• **PROBLEM DETAILS**:
Leave out all pictures. Return exactly the lines from the top of the material through the line containing "Brand Make up - Image 1".

^^^^

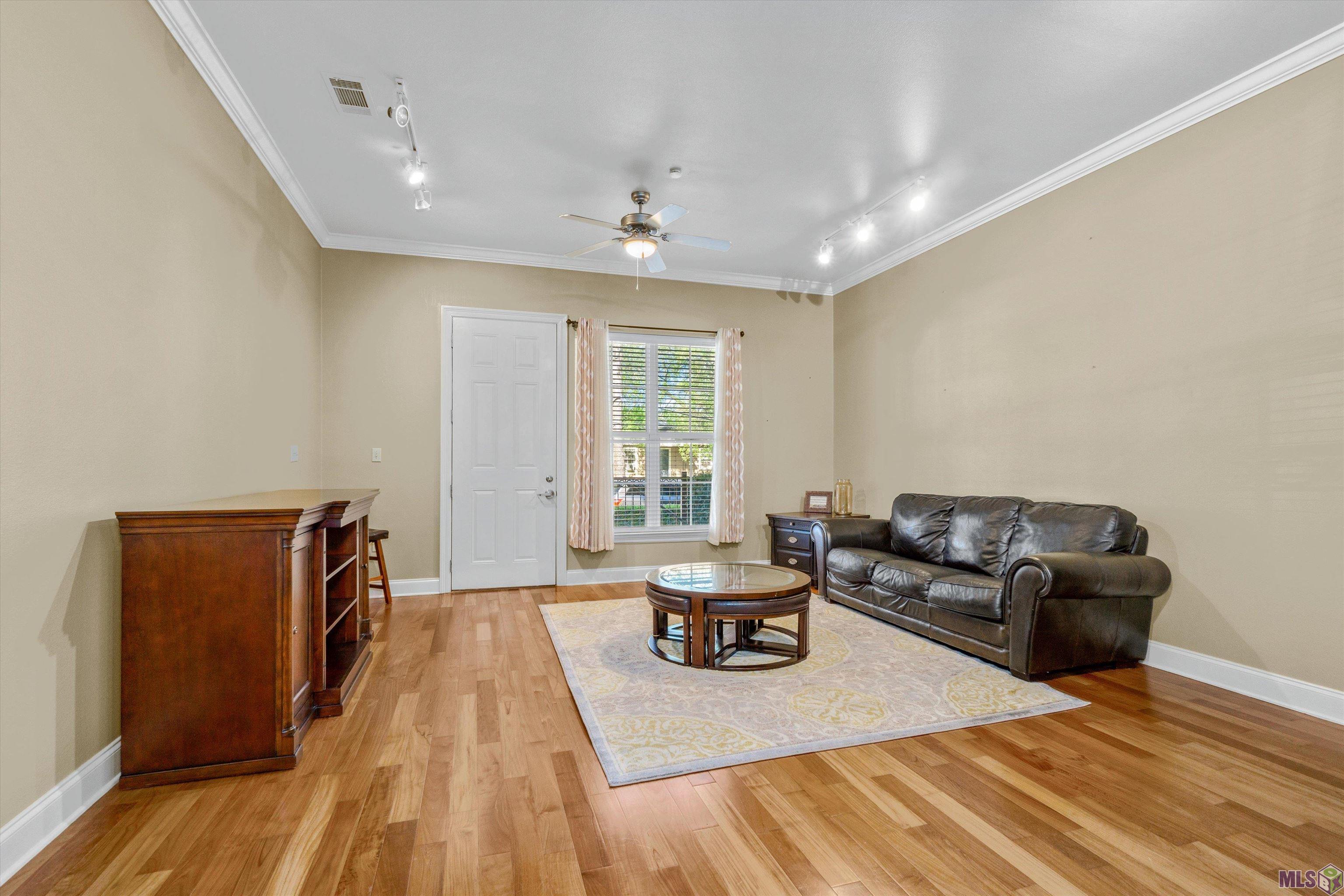 3390 Nicholson Drive, Unit C105 Baton Rouge, LA 70802 - Photo 4 of 14 Gallery Image 4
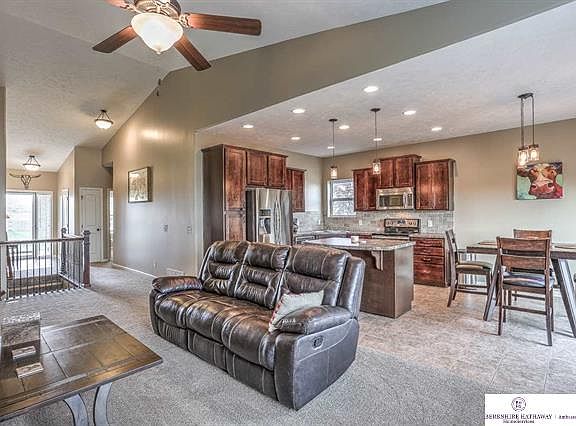 2nd image of 21426 Hampton Dr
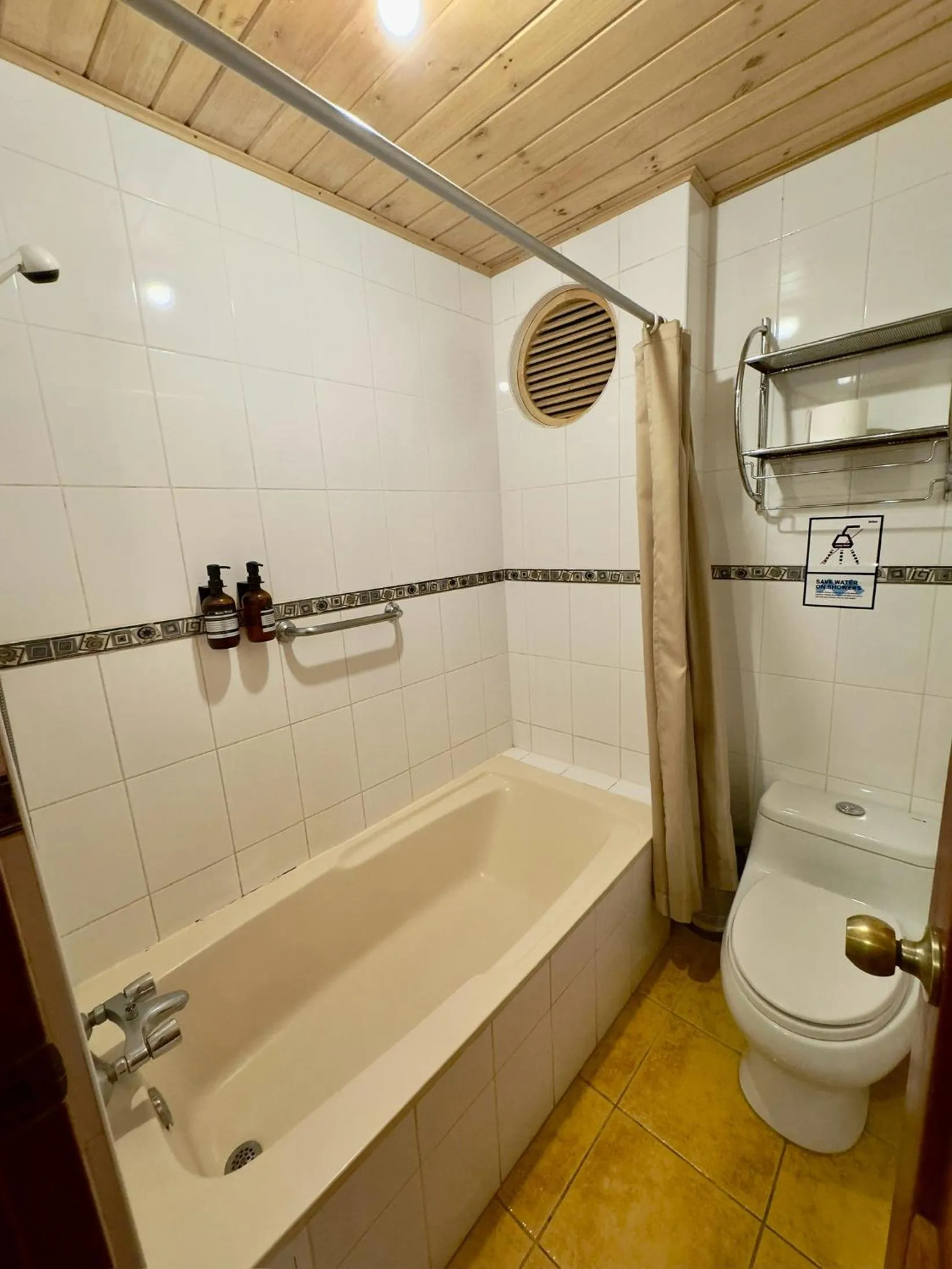 Shower in Selina Huaraz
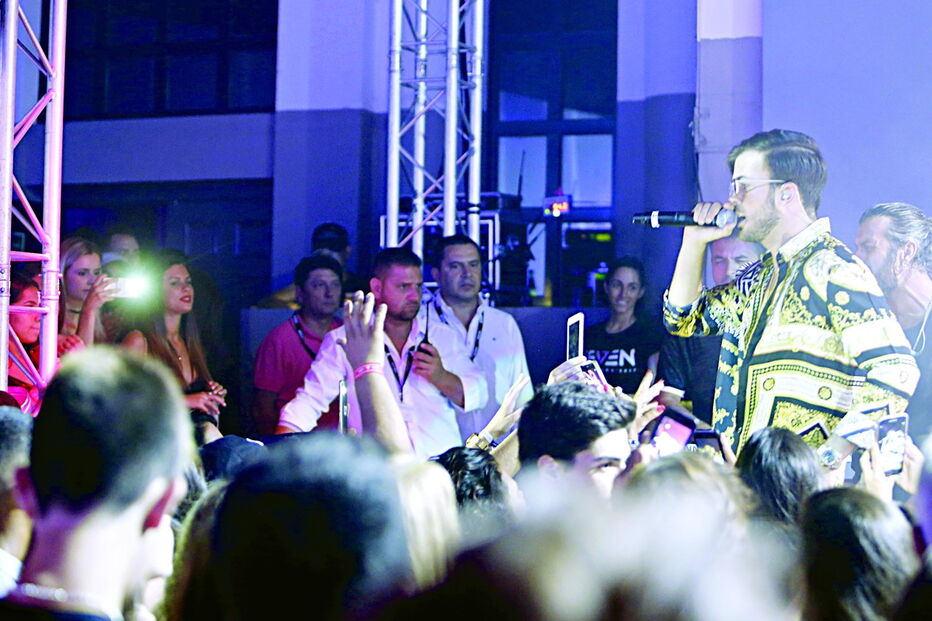 David Carreira atuou sempre observado, ao longe, pela  namorada  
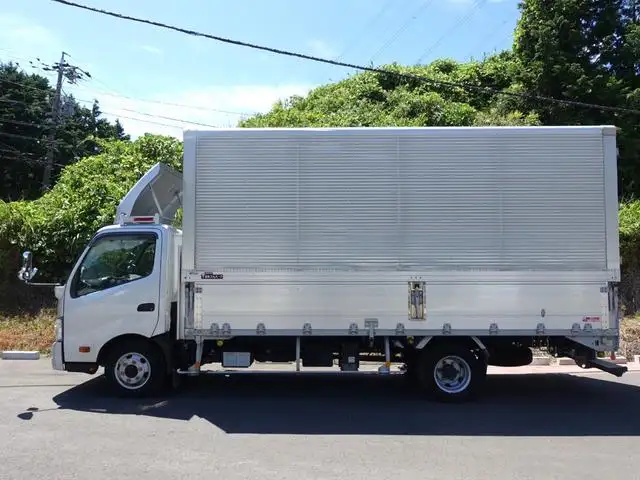 トヨタ ダイナ 小型 ウイング TKG-XZU720 H25の中古トラック画像4
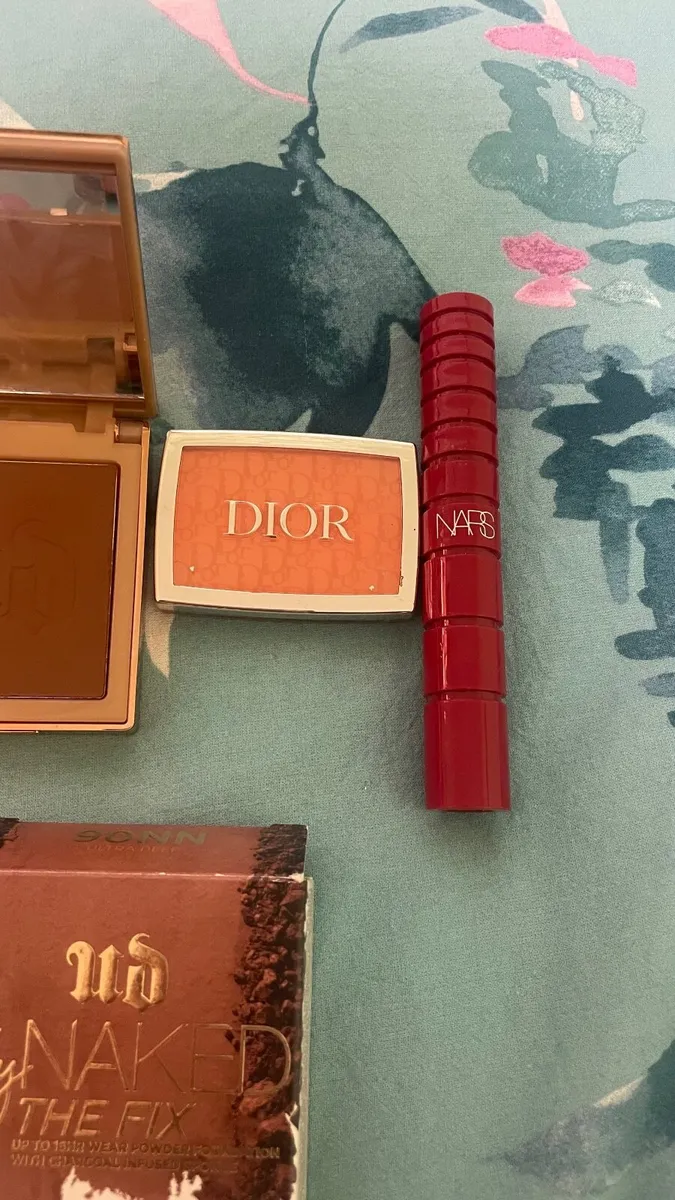 Brand Make up - Image 1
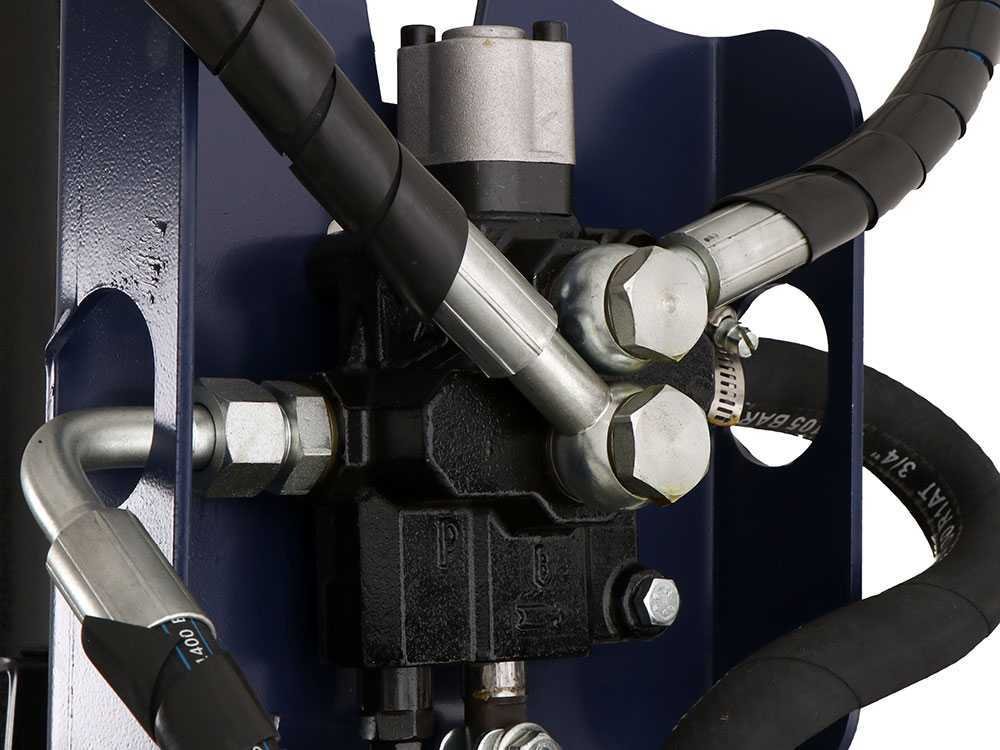 bullmach-bm-ls-pto-22-v-fendeuse-bois-sur-tracteur-verticale-caractristiques-principales--33056_2_1644928704_IMG_620b9ec07a4c4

^^^^

• **COMPLETED EXERCISE**:
 3390 Nicholson Drive, Unit C105 Baton Rouge, LA 70802 - Photo 4 of 14 Gallery Image 4
 2nd image of 21426 Hampton Dr
 Shower in Selina Huaraz
 David Carreira atuou sempre observado, ao longe, pela  namorada  
 トヨタ ダイナ 小型 ウイング TKG-XZU720 H25の中古トラック画像4
 Brand Make up - Image 1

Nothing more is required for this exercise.